Supplied material:

=======

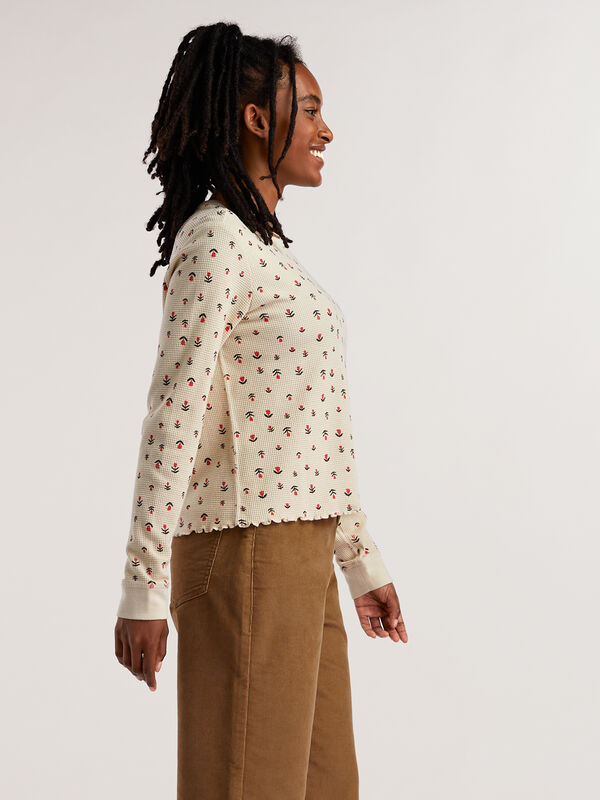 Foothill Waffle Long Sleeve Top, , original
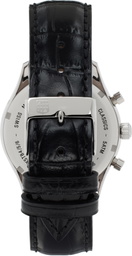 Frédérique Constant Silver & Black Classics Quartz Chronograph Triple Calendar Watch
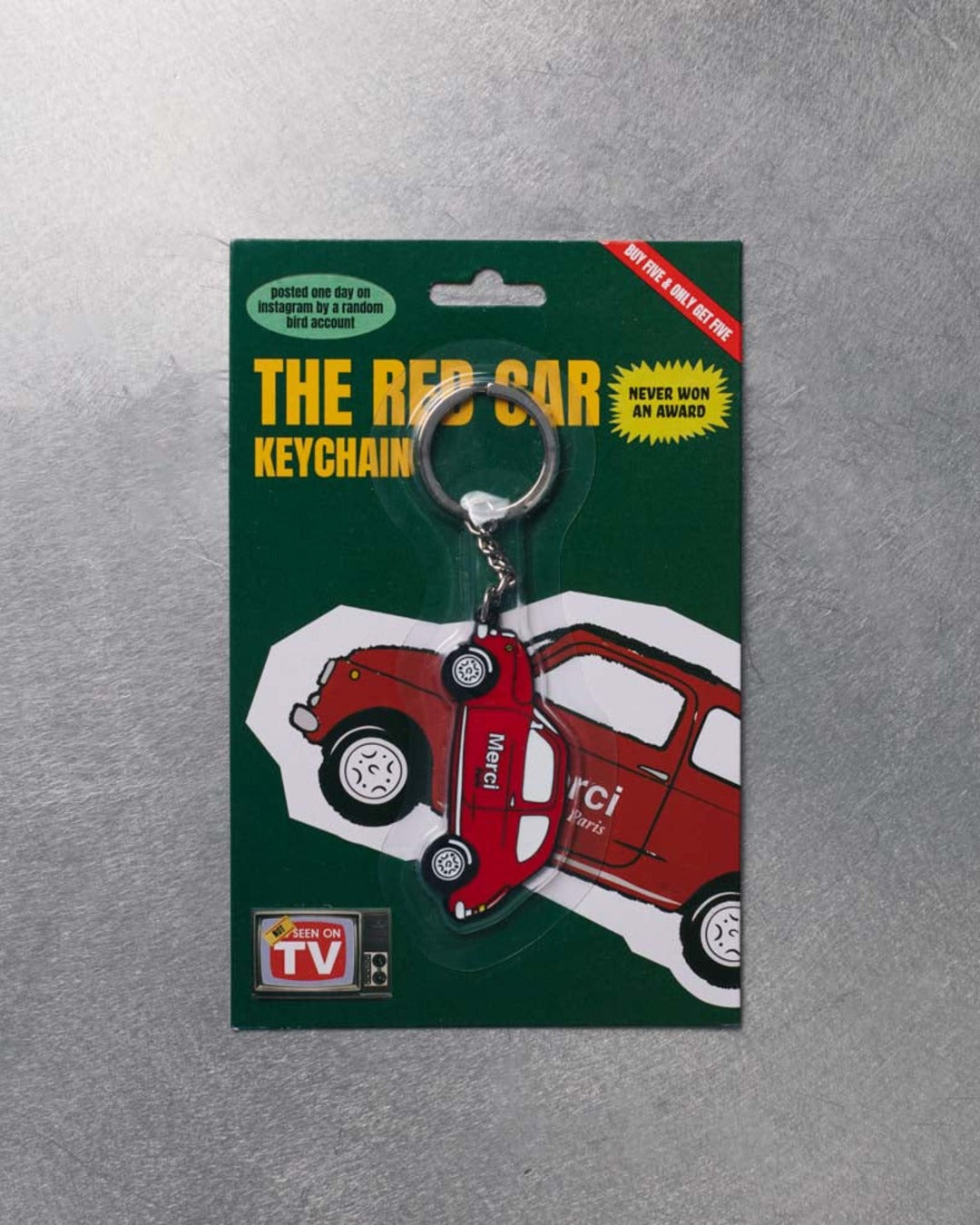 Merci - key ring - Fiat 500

=======

Extract exactly the lines above from the line containing "Frédérique Constant Silver" through the last one, both ends included, but not the pictures.

Solved exercise:
 Frédérique Constant Silver & Black Classics Quartz Chronograph Triple Calendar Watch
 Merci - key ring - Fiat 500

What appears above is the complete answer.